## Supplied data

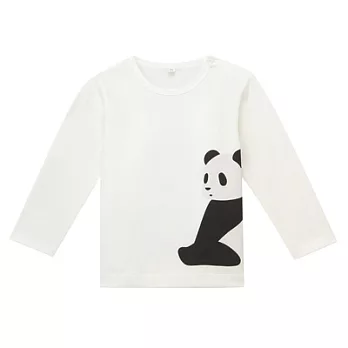 [MUJI無印良品]幼兒有機棉印花長袖T恤-80大貓熊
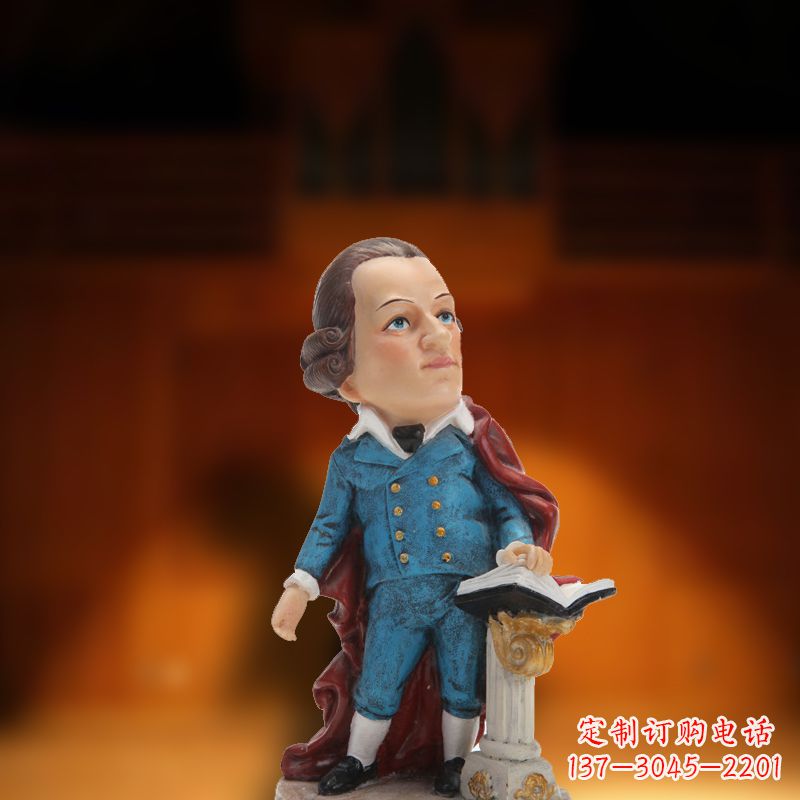 泰州玻璃钢艺术莫扎特雕塑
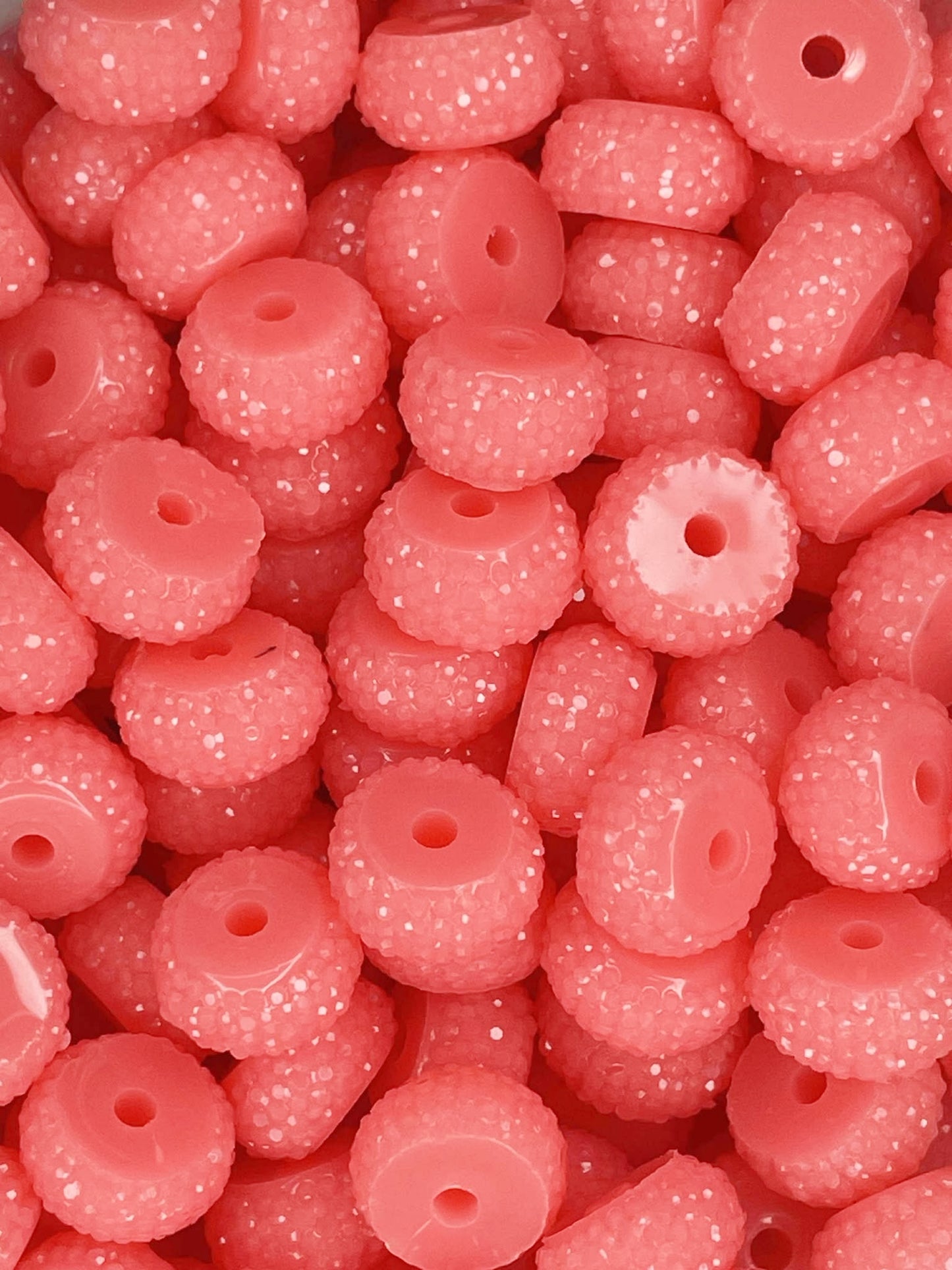 12MM RESIN RHINESTONE SPACER CORAL 58 (1ct)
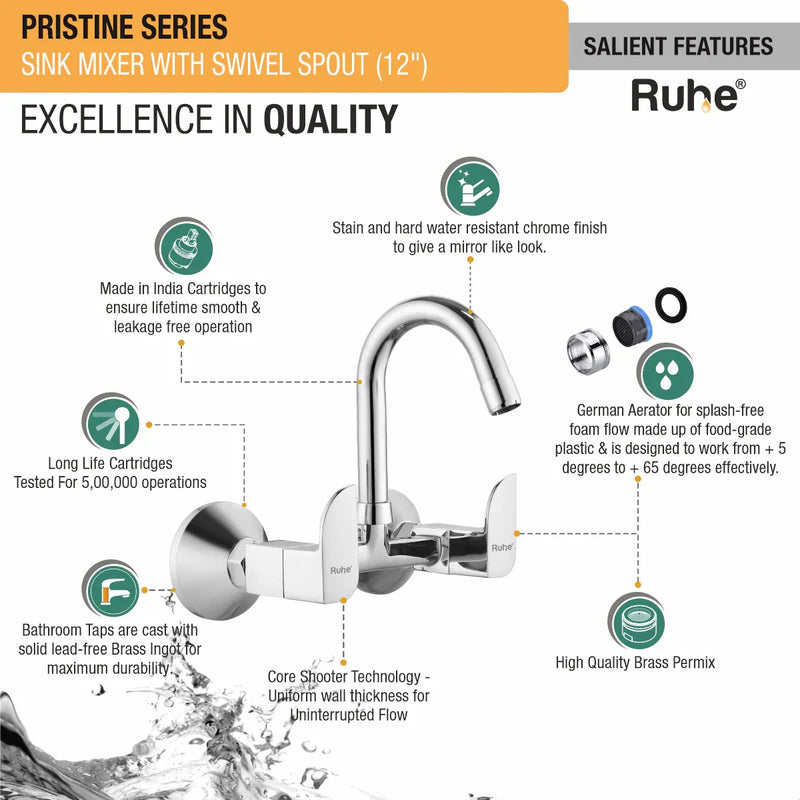 Pristine Wall Mount Kitchen Sink Mixer Tap with Swivel Spout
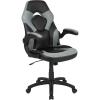 Flash Furniture X10 High-Back LeatherSoft Racing Style Gaming Chair with Flip-Up Arms, Ergonomic Padded Swivel Computer Chair, Red/Black(Grey)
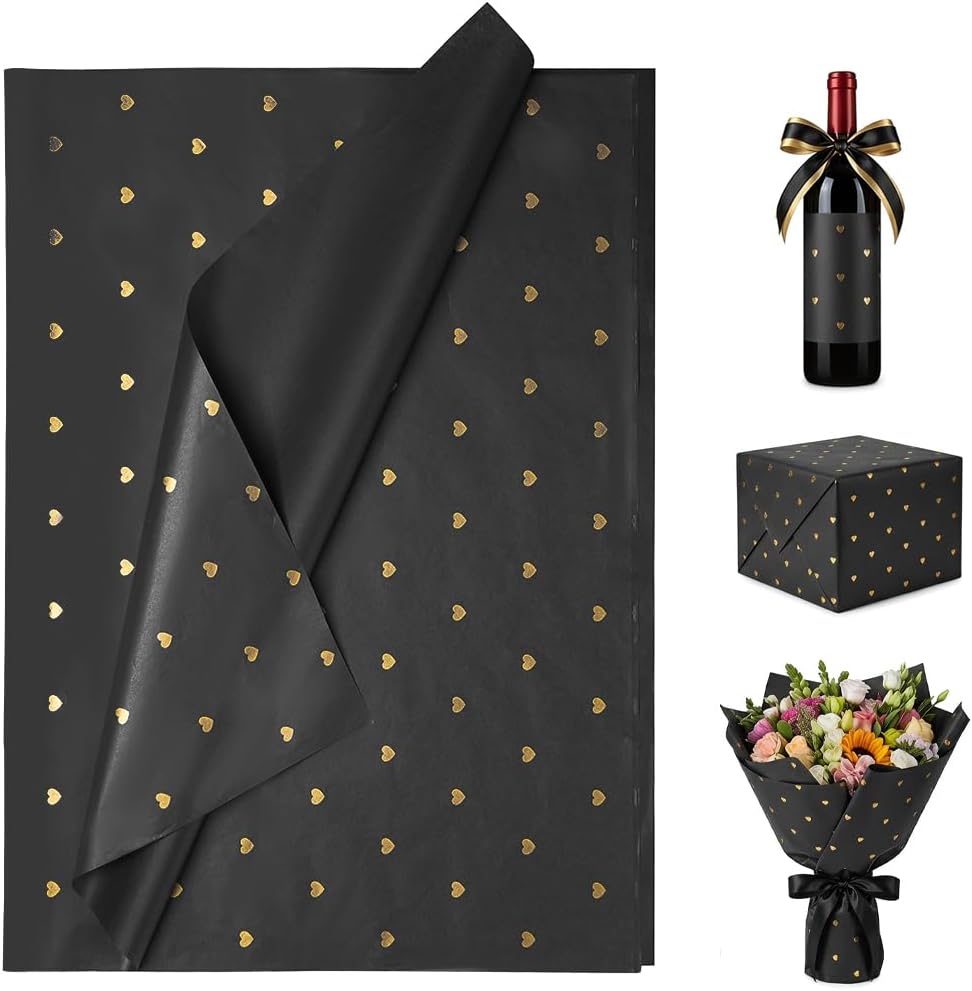 Heart Printed Tissue Paper for Gift Bags, Ggold and Black Flower Gift Wrapping Paper Bulk 30pcs Wedding Mother’s Valentine's Day DIY Crafts Clothes Decor 20 x 28 inch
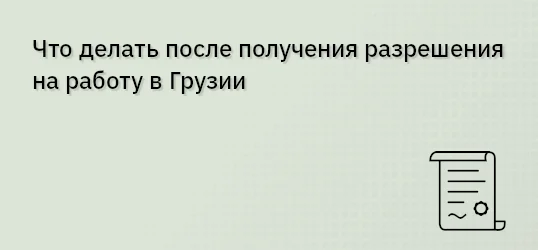 Что делать после получения разрешения на работу в Грузии (РНР)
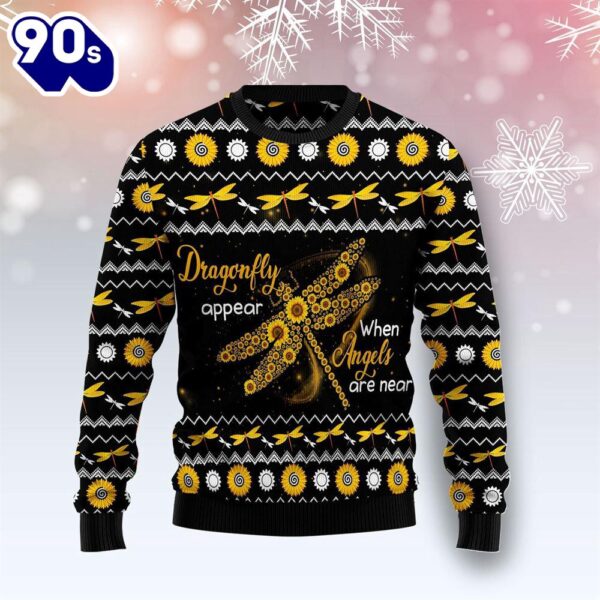 Christmas 2024  Dragonfly Sunflower Ugly Christmas Sweater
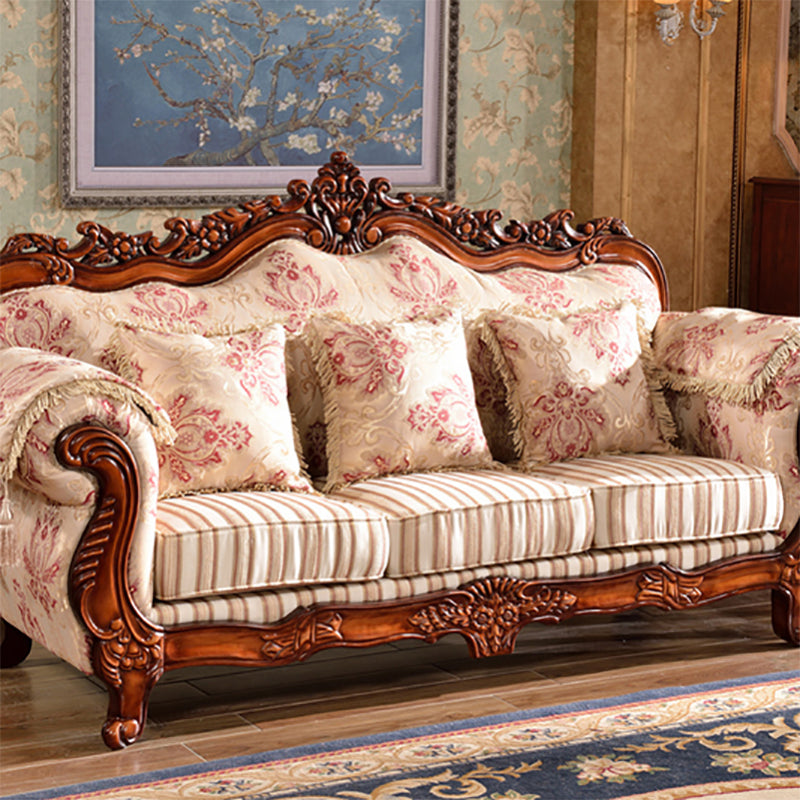 49" High Rustic Rolled Arm Sofa Linen Curved Sofa with Camel Back for Apartment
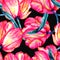 Seamless pattern with the watercolor crimson and scarlet tulips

## Instructions for the task
Of the lines above, copy only those from the one holding "泰州玻璃钢艺术莫扎特雕塑" to the one holding "Flash Furniture X10", both included, and exclude every image.

## Solution
 泰州玻璃钢艺术莫扎特雕塑
 12MM RESIN RHINESTONE SPACER CORAL 58 (1ct)
 Pristine Wall Mount Kitchen Sink Mixer Tap with Swivel Spout
 Flash Furniture X10 High-Back LeatherSoft Racing Style Gaming Chair with Flip-Up Arms, Ergonomic Padded Swivel Computer Chair, Red/Black(Grey)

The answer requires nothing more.